一方、DRIは特にホットブリケットアイアン (HBI) の形で輸送するのに適していることから、鉄鋼企業は高品質の鉄鋼製品を生産するために、この機会を利用して高品質のEAFと二次加工設備に投資する必要がある。また、新規投資に係るリスクヘッジを重視するのなら、スウェーデンの鉄鋼大手SSABがVolvoと結んだパートナーシップのような、需要側企業とのオフテイク契約も選択肢の1つだ。同様に、早期に事業を転換する余力がある業界 (例、自動車業界や海運業界) の先進的企業については、低炭素かつ高品質の鉄鋼を供給できる鉄鋼企業とサプライチェーンの構築を図る必要がある。

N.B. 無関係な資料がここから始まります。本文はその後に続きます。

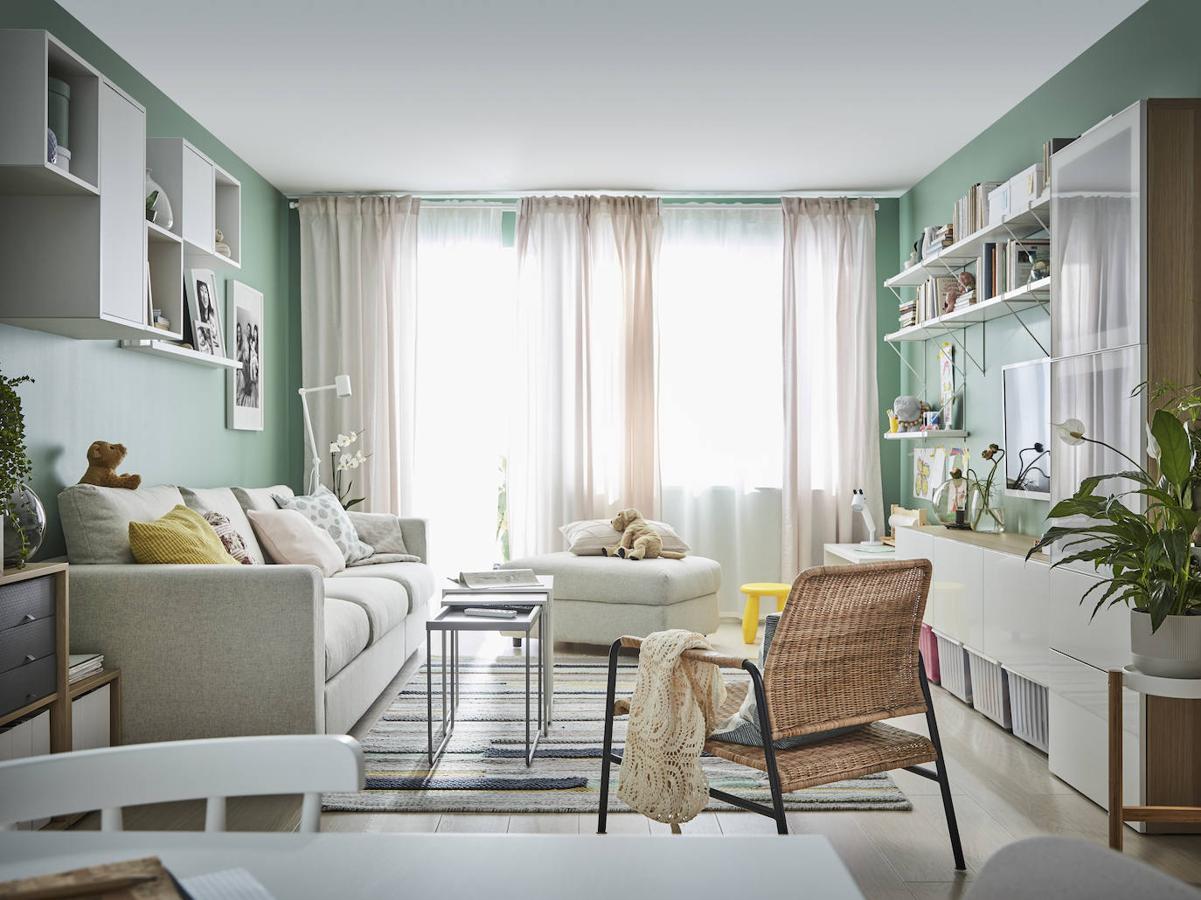 Los tonos claros, las líneas depuradas y los detalles de color estratégicamente colocados, unidos a una buena iluminación exterior, consiguen que este salón parezca mucho más grande.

欧州ではカーボンリーケージを抑制しつつ域外における低炭素鉄鋼政策を促進するために事実上の関税を課す「炭素国境調整措置 (CBAM)」が導入された。米国でも同様の措置が検討されている。鉄鋼の輸出国は、自国の鉄鋼製品がこの措置の対象とならないように対策を講じる必要がある。現時点でCBAMに対応しつつ鉄鋼業界の脱炭素化で求められる条件を満たす最も効果的な方法としては、鉄スクラップを主原料とするか、鉄スクラップにプラスして必要に応じた量の水素由来DRI(水素直接還元鉄)を同時投入する方法であることが証明されている。

Endnotes
  1. ファクトシート – 鋼鉄および原材料、World Steel Association、worldsteel.org/wp-content/uploads/Fact-sheet-raw-materials-2023.pdf 2023年8月18日閲覧。
  2. Dworak, S., Rechberger, H. and Fellner, J., 2022. How will tramp elements affect future steel recycling in Europe?–A dynamic material flow model for steel in the EU-28 for the period 1910 to 2050. Resources, Conservation and Recycling, 179, p.106072.